Return a copy of every line in the records that includes the word "Dress".

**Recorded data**
== Segment start ==
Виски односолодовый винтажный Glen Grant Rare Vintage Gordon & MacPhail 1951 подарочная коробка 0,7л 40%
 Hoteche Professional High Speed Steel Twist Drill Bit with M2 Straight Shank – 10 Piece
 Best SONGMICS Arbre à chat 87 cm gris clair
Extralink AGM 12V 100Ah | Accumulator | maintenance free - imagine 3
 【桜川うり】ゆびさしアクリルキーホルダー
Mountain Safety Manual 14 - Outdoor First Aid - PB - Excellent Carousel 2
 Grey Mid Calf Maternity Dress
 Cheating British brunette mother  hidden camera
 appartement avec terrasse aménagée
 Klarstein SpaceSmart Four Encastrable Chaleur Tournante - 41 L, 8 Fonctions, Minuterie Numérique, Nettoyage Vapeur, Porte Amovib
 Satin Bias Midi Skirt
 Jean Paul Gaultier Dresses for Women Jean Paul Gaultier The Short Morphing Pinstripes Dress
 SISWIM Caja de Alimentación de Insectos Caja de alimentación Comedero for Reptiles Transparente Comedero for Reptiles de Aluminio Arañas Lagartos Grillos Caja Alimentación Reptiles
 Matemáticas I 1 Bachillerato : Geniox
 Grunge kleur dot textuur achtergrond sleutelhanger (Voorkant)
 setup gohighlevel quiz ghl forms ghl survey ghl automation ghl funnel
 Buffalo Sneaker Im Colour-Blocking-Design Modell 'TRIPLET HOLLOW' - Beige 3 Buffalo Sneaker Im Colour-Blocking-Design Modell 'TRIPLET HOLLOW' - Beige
== Segment end ==
**Task solution**
 Grey Mid Calf Maternity Dress
 Jean Paul Gaultier Dresses for Women Jean Paul Gaultier The Short Morphing Pinstripes Dress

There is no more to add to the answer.